__INSTRUCTIONS TO FOLLOW__: Looking through the data below, work out how many lines have the word "actually". Reply with that number only.

__DATA IN THIS EXERCISE__:
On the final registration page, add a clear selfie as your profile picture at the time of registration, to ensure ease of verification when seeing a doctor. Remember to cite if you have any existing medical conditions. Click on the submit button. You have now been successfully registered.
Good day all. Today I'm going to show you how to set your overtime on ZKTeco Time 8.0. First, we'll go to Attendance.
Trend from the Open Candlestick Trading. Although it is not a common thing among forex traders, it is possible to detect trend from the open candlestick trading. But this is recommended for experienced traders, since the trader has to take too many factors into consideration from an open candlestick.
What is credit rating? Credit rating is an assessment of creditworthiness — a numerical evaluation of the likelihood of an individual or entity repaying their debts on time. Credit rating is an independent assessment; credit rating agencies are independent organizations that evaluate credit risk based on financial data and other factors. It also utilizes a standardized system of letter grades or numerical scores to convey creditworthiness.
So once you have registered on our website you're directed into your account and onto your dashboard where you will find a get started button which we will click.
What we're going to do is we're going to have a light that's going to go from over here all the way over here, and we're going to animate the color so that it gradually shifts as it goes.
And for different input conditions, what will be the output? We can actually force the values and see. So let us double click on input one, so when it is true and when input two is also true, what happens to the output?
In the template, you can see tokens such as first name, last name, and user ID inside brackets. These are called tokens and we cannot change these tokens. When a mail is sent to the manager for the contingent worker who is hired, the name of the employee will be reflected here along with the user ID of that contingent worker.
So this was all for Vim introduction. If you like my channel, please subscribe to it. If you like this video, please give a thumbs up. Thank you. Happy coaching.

==

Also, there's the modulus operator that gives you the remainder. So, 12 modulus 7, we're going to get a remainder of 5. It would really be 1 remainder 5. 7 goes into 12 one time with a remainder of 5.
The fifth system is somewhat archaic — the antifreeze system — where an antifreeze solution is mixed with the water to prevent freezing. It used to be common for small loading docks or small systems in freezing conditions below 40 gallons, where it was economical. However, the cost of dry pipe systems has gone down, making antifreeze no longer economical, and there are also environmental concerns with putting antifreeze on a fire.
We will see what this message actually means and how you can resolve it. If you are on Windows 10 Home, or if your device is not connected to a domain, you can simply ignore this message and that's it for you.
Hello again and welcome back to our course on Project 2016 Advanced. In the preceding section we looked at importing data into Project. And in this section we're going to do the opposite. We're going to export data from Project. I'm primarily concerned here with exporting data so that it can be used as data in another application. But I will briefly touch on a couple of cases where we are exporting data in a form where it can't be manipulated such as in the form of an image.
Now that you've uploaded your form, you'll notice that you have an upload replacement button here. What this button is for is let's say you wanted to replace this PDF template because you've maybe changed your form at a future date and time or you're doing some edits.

__SOLUTION__: 2